LSAT test scores are normally distributed with a mean of 490 and a standard deviation of 110. Find the probability that a randomly chosen test-taker will score between 320 and 600. (Round your answer to four decimal places.)
Z = (score-mean)/SD
Find table in the back of your statistics text labeled something like "areas under normal distribution" to find the proportion/probability related to the Z scores.
To find the probability that a randomly chosen test-taker will score between 320 and 600 on the LSAT, we will need to standardize the scores and then use the standard normal distribution.
Step 1: Standardize the scores
To standardize a score, we subtract the mean and then divide by the standard deviation. In this case, the mean is 490 and the standard deviation is 110. So, for a score of 320:
Z-score = (320 - 490) / 110 = -1.545
For a score of 600:
Z-score = (600 - 490) / 110 = 1.000
Step 2: Calculate the probability
Once we have the standardized scores, we can use a standard normal distribution table or a calculator to find the probabilities associated with those values.
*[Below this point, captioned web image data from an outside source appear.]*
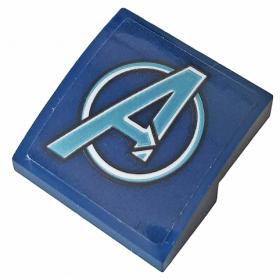 2 x 2 x 2/3 íves lejtő - mintás/matricás™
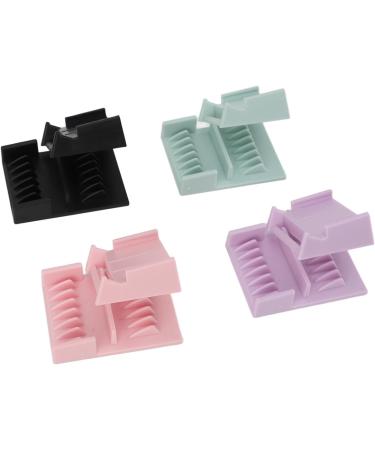 Hair Clipper Guard Accessories Hair Polishing Nozzle Hair Clipper Precise Cutting Accurate 4 Colors ABS Safe for Personal Care of All Ages - Buy Online on GoSupps.com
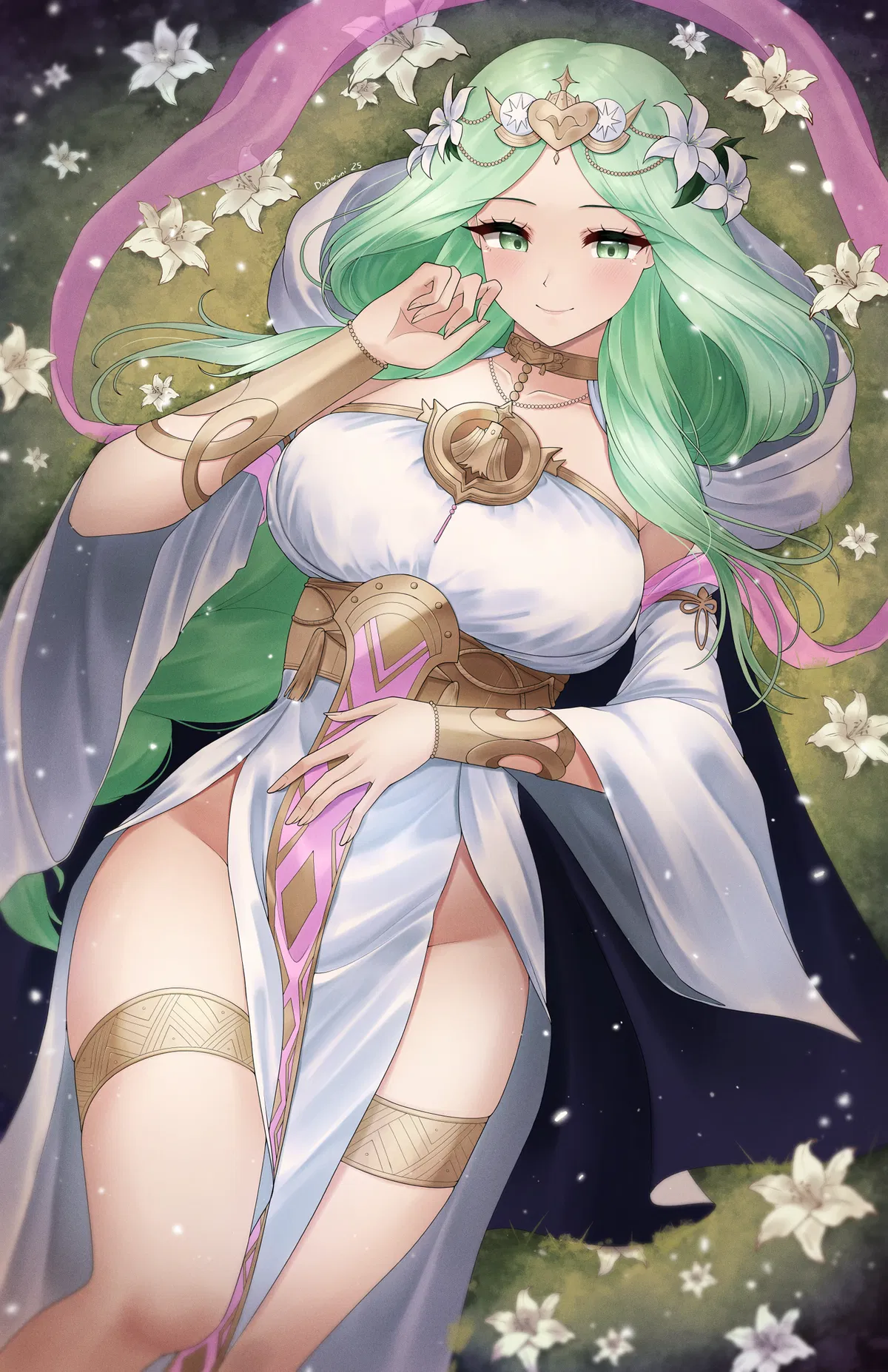 Avatar of Rhea (Valentine's)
Using a standard normal distribution table, we look up the probability corresponding to each Z-score:
For -1.545, the probability is 0.0622
For 1.000, the probability is 0.8413
Step 3: Calculate the probability between the scores
To find the probability between the scores, we subtract the smaller probability from the larger probability:
0.8413 - 0.0622 = 0.7791
So, the probability that a randomly chosen test-taker will score between 320 and 600 on the LSAT is 0.7791 (rounded to four decimal places).